Colleen Mondor reviews Kittyhawk Down by Garry Disher in the Spring 2007 edition of "Eclectica Magazine" (about half-way down the page). The reviewer calls it a "classic police procedural" which "works very well": "Kittyhawk is a relatively dark tale with more than one murder and even a missing child worked into the breakneck plot. Along the way author Garry Disher reveals much about each of the cops, including who is having a family crisis, who is having a personal financial crisis and who is having questions about his manhood and morality. Pile on all of that Challis and his own romantic issues and you might wonder how Disher holds together so many different characters with so many different problems. Fear not, though -- he's just doing something that very few mystery authors do; he's giving the reader a team approach for the good guys as they face a slew of seemingly unrelated crimes perpetrated by an unknown number of bad guys."
Two Australian sf novels are reviewed by Sue Bursztynski, Prisoner of Quentaris by Anna Ciddor, and Hal Spacejock #3: Just Desserts by Simon Haynes. Both are books in continuing series, with the only difference being that the Quentaris novels are written by a number of different authors. Of Ciddor's novel, Bursztynski says: "The entire series is great fun and the book covers feature gorgeous art by Australia's top cover artists. It introduces children to fantasy without patronising them. Best of all, the books are stand-alone and don't have to be read in any particular order...This is a delightful addition to the series. Children love series fiction and there are, so far, nearly two dozen in this one. They are not only a good introduction to fantasy, but a good introduction to the authors, if the young readers haven't discovered them yet." Hal Spacejock is, as you might expect, a comic sf series in a mildly "Red Dwarf" vein, peopled by space truckers, robots, and human baddies: "The universe of this series features no super-villains in breath-masks, no Dark Lords trying to take over the universe or Imperial Storm Troopers, only multimillionaires trying to become even wealthier and the thugs they employ to help them in their plans to rip off everyone. People are still people and just as likely to be fooled. All Hal wants, in this book, is a cup of coffee and a sweet snack, but it's not to be."

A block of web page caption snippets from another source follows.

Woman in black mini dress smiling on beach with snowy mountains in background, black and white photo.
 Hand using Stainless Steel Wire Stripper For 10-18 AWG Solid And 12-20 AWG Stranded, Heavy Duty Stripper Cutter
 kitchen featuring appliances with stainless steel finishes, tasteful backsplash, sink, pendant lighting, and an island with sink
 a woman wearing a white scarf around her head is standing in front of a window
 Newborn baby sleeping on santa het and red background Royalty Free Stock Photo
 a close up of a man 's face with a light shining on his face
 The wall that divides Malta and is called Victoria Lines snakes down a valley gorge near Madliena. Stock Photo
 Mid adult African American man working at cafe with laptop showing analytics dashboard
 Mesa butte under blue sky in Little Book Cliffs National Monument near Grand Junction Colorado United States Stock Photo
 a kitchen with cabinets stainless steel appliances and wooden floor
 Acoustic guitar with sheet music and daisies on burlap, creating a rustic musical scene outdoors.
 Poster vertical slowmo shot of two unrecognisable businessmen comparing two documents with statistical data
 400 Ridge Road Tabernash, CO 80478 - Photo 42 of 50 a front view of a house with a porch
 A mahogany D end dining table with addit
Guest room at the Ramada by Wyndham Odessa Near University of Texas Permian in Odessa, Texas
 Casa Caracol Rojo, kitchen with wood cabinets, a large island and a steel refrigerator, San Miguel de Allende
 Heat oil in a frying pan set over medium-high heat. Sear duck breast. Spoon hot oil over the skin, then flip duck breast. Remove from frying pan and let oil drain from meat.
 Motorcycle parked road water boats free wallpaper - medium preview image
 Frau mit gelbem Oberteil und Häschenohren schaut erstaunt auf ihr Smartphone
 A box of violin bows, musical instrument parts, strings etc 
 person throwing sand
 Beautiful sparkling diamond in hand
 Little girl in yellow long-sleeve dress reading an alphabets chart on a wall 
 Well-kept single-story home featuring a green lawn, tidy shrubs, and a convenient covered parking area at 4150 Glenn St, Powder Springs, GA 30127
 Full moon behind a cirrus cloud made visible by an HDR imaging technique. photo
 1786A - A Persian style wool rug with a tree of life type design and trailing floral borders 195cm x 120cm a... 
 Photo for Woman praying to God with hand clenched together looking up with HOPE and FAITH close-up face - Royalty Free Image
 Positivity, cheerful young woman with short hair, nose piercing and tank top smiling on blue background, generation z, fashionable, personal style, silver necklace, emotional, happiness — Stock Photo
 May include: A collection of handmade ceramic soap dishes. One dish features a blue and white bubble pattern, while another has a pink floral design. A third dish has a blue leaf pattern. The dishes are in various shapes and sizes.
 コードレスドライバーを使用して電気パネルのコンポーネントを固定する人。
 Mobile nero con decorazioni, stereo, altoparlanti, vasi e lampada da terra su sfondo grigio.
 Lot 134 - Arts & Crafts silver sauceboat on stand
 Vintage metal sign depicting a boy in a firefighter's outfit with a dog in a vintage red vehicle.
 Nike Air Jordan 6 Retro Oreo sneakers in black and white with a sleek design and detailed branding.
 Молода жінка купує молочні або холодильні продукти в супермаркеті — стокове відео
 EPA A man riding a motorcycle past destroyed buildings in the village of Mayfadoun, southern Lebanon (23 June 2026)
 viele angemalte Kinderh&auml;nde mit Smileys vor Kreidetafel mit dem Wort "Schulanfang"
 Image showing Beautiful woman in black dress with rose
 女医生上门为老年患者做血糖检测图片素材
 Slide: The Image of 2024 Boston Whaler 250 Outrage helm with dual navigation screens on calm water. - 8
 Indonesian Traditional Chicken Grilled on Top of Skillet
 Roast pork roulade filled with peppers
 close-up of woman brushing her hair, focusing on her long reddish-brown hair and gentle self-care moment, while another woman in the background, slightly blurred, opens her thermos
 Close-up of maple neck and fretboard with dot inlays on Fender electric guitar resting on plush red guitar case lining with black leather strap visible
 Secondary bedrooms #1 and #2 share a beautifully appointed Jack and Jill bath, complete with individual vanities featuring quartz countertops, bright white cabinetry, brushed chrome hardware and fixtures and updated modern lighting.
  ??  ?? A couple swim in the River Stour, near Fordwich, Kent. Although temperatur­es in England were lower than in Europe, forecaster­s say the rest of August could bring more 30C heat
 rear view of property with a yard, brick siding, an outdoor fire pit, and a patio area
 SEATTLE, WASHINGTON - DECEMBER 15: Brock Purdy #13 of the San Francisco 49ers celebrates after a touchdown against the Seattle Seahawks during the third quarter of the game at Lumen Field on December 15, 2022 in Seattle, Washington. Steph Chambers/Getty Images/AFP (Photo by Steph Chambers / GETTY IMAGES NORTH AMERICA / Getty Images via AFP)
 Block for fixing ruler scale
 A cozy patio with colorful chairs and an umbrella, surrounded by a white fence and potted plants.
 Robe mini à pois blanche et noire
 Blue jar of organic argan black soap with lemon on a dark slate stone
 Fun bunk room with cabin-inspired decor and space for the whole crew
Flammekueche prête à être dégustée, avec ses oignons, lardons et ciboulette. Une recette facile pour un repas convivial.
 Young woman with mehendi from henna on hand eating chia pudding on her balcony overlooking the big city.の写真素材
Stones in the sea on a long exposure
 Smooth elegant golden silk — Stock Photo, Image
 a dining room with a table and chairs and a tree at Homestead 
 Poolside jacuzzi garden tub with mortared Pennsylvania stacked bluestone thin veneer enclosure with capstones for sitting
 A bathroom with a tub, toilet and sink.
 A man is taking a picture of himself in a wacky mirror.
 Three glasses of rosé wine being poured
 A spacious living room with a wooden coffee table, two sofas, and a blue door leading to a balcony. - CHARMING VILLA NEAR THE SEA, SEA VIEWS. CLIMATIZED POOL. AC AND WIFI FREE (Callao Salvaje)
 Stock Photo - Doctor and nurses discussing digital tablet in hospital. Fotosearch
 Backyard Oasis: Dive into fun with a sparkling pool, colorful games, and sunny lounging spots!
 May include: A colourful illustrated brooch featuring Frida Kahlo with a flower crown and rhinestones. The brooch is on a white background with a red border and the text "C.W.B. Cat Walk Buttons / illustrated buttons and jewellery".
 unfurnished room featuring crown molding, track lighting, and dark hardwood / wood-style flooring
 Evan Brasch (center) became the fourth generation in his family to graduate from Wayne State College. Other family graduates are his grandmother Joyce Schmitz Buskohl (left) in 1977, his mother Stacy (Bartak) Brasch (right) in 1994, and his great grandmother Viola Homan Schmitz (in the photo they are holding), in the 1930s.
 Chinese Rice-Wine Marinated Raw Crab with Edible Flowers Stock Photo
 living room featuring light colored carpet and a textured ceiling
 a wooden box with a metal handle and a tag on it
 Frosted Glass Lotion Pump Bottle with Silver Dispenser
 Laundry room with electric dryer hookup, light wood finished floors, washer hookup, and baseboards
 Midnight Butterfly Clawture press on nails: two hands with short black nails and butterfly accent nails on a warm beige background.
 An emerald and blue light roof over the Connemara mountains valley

In "The Guardian", Peter Conrad reviews Richard Flanagan's latest, The Unknown Terrorist, and finds that, while it doesn't change the landscape of the novel like the author's Gould's Book of Fish, it "is an exercise in genre fiction - a thriller that, I am glad to say, happens to be genuinely thrilling."
Tom Keneally's The Widow and Her Hero is rated below his best by Ed Lake in "The Telegraph": "Keneally can be a bit of a hack, and his work here bears marks of haste...Even so, the novel comes off. It evokes something of the magnificence of heroism, and more of its awfulness. For that, it deserves a salute."